Estuve en el segundo concierto de Víctor Manuel. Apoteósico. Hube antes de adquirir una silla de ruedas, pues la antigua que me facilitó la Seguridad Social me la robaron, como el carro del Escobar. Mucho me prestó el ambientazo y, además de la presencia en escena de los invitados foráneos, valoré muy alto que nuestro artista, mierense por antonomasia, hubiera subido a Hevia con su gaita, que suena a cielo, y a Chus Pedro, cuyo programa de la TPA es de lo más animado. Curioso del cambio de época que una de las canciones que escuché a Víctor Manuel, en el avilesino Suárez Puerta, hace años con los mecheros encendidos en medio de la penumbra, resultó que ahora las luces rítmicas participativas provenían de multitud de teléfonos móviles.

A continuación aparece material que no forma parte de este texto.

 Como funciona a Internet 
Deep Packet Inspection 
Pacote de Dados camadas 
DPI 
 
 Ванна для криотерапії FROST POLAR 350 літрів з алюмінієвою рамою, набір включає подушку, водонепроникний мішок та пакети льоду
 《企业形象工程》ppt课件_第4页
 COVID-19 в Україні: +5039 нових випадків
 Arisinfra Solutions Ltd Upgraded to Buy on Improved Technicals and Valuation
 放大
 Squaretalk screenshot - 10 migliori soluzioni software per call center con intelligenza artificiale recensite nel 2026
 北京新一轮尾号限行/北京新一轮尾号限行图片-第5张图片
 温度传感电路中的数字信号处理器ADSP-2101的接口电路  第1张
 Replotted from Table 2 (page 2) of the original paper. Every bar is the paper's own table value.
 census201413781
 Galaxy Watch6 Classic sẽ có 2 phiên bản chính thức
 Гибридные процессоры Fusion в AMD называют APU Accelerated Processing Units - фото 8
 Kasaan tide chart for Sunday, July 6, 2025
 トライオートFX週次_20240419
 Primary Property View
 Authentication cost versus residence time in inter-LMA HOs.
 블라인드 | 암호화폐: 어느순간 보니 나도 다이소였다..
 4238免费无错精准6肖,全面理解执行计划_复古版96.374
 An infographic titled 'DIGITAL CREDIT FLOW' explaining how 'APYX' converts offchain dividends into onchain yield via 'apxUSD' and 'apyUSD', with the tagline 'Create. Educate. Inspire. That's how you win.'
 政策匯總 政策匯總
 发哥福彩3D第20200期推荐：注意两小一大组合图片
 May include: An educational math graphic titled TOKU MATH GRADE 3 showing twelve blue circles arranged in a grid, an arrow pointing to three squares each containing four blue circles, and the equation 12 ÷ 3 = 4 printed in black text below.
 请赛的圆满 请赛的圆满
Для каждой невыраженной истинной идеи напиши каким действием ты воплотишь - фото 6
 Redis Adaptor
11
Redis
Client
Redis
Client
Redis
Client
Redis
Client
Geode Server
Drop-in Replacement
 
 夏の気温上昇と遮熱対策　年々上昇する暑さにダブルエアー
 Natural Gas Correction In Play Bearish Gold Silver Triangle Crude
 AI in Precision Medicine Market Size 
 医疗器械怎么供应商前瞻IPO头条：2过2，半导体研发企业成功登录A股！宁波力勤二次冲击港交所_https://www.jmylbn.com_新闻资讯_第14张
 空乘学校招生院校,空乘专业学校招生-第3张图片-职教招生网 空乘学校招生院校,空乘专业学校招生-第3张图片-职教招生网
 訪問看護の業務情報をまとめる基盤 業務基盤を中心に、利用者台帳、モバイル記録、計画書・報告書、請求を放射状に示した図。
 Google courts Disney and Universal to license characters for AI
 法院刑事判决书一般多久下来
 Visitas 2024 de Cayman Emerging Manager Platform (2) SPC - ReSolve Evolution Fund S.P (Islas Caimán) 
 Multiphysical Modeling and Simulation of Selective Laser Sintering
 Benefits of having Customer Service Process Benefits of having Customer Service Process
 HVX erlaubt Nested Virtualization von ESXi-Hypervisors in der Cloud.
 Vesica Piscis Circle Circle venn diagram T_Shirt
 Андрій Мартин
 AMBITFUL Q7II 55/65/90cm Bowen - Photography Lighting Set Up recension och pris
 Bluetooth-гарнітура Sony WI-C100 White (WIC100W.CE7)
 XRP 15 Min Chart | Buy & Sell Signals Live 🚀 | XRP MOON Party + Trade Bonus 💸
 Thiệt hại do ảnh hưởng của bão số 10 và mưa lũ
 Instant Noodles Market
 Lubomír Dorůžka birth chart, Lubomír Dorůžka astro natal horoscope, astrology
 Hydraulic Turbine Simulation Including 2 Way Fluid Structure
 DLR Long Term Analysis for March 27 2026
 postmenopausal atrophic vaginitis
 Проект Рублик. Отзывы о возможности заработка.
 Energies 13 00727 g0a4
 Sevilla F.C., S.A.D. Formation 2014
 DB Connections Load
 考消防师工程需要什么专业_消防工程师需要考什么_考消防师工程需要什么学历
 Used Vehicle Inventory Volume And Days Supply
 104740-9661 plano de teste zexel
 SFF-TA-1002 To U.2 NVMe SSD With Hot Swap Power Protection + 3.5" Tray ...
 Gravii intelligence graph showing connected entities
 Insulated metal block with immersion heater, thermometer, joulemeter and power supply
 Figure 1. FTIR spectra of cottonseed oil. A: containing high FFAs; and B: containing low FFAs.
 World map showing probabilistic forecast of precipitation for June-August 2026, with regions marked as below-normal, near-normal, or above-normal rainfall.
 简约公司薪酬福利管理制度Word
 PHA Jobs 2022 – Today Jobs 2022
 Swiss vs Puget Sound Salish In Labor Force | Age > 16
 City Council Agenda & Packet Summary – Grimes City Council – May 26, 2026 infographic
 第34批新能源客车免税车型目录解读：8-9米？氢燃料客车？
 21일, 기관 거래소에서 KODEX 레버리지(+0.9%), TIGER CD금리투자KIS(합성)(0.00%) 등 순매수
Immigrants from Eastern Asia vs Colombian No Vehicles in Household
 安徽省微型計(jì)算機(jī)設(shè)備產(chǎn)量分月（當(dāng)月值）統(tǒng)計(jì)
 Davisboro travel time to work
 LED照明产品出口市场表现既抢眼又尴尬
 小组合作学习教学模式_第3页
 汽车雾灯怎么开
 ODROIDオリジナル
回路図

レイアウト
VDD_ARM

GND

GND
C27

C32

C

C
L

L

Al término, pese a los minutos de espera, siguiendo los sabios consejos de Protección Civil, había cola muy copiosa para tomar taxi, agravada por el yerro municipal de imponer al transporte público un intrincado recorrido. Como evito colarme, mis hermanos, mi mujer y yo nos decidimos a pechar con la subida cuesta de la Ería, bordeando el Tartiere. Fue bastante duro para los míos que empujaban mi silla y para mí que ayudaba algo con mi pierna derecha sana. Como somos sesentones, nos deteníamos cada poco a neutralizar el resuello, hasta que inopinadamente un muchacho que subía, abrazado a su novia, se puso a empujarme hacia arriba con una fuerza benéfica providencial. Durante el trayecto, en el que no hablábamos mucho para cansar menos, me dijo que su padre también usaba silla, averiadas ambas piernas, y que él era músico, amigo del "batería"que había actuado con Víctor. Al llegar a Alejandro Casona, mi hermano le dio las gracias y se dispuso a relevarle, pero no hubo manera, dijo que él seguía empujando. Ya en Fuertes Acevedo para nuestro grupo era fácil continuar cuesta abajo y, aunque el solidario joven nos quería seguir ayudando, le convencí de que nos dejara y recuperara a su novia ya muy atrás. En ese momento y para darle la mano, agradecido, me quité mi sombrero "Panamá", que siguiendo una práctica de mi abuelo me protege también del relente nocturno; resulta que sólo entonces el chaval me reconoció y me abrazó entre sollozos y besos pues, dijo, su padre, "Ángel, El Roxín, del servicio de aguas municipal", le había hablado mucho de mí. Tuve a mi vez una emoción indescriptible, como mi mujer y hermanos, que motivó luego la reflexión de cuánta gente generosa y de buena fe me he topado en la vida, en la que coexisten con canallas, especuladores y gentes que ponen zancadillas, y hasta guerras, por doquier.No sé nada más de este Roxín Jr. pero estoy seguro de que su ejemplar buen corazón debería latir predominantemente en este mundo injusto de hogaño.